Postby Lord Ben » Wed Apr 18, 2012 4:45 pm

My own ideas for house rules would be to:

Defense: This works

Influence:
**Banner houses under influence, same point system as the book
**10 influence for important NPC's "owned" by the House given stats by the players (heirs buying the heir advantages, etc).
**Edit the caps on Status to provide an easier move to the middle of the pack (5-6 for the Lord) and MUCH harder to go above that. 7-8 should be the Starks, Lannisters, Warden of the South, etc. It should be eaiser to get to Bolton/Umber levels of 5-6 where you're important and valued bannermen but not running the Kingdom.

Lands:
**Move cities/towns/vilages off of Land.
**Provide some type of benefit to owning empty holdings. It's totally unsexy to have 4 grassland holdings or a few lightly forested hills but there should be some reason to do so listed.

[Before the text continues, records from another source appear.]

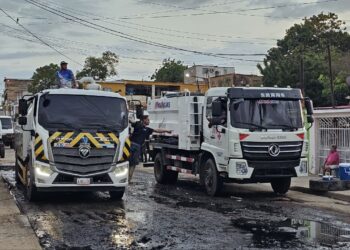 Plan Rector en Gestión para Aguas Servidas realiza saneamiento de colectores en el sector La Salina en Maracaibo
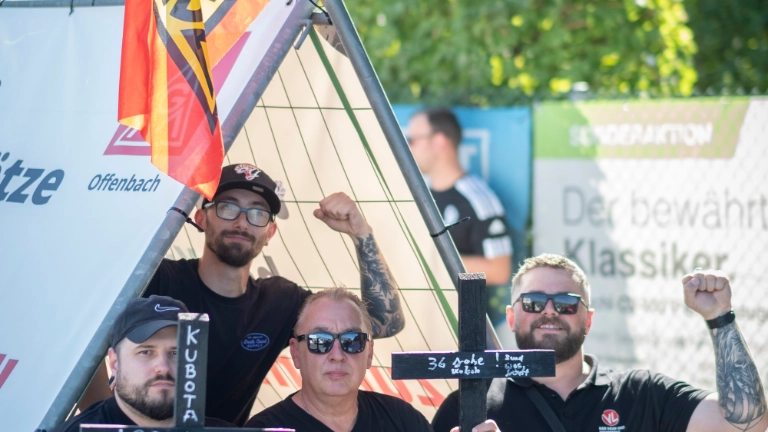 IG Metall Aktion KUBOTA Mitarbeiter , vor der Ausbildungsmesse, Rodgau,  19.09.25, Foto: Tim Wegner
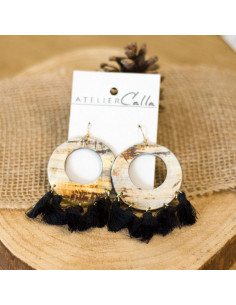 Boucles d'oreilles créoles en corne brune & pompons noirs — artisanat haïtien 2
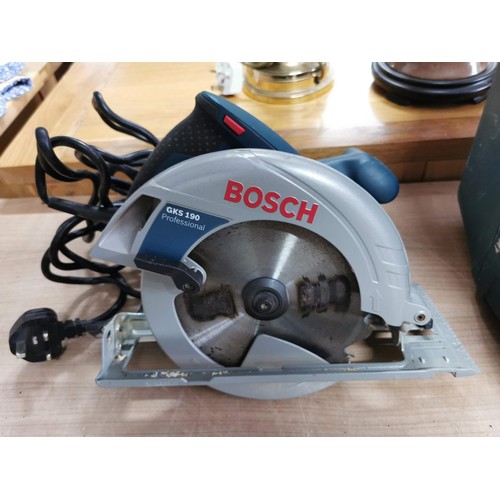 183 - Bosch GKS 190 1400w circular saw complete with heavy duty case in good order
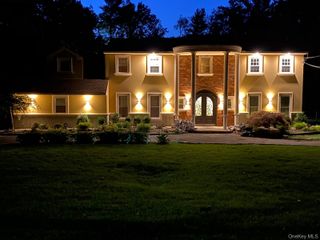 626 Caledonia Road, Dix Hills, NY 11746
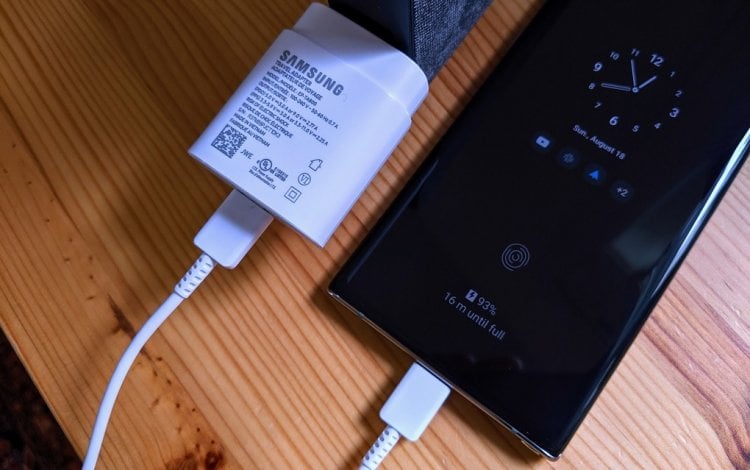 Какую зарядку купить для смартфона Samsung, чтобы быстро восстановить энергию. Купили Samsung без зарядки? Не беда! Фото.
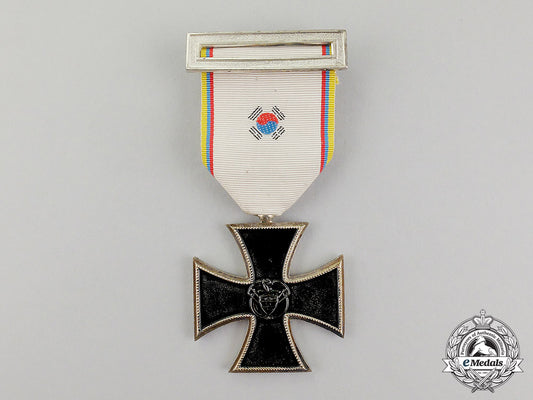 colombia._an_iron_cross(_cruz_de_hierro)_for_korea_dscf4362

Law: This works, I'd maybe add in a note that when you lose wealth you lose an extra one at low levels and at super low levels you lose 1d6 instead (like a reverse market/port)

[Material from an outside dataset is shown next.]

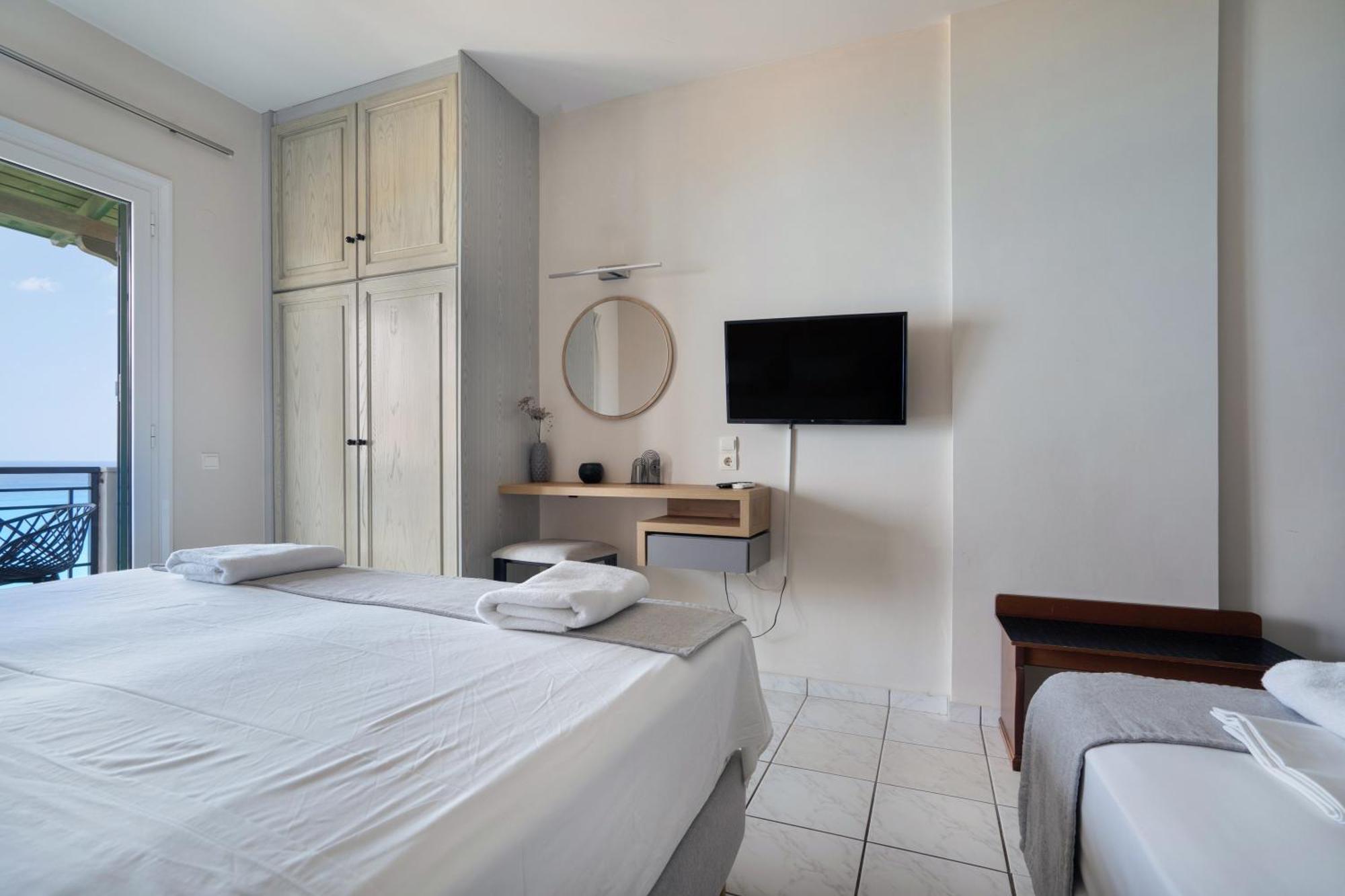 Sunset Triple 1 Apartment Ayios Nikitas Bagian luar foto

Population: Move hamlets/towns/cities under population instead of land.

Power: Add some additional special abilities to some types of units. Raiders have the ability to gather wealth when parked in another families holdings, scouts get some type of ability to justify having them, etc.

Wealth: Add a few things that simulate the market/port mechanics for population and others. Granary/Mill, etc.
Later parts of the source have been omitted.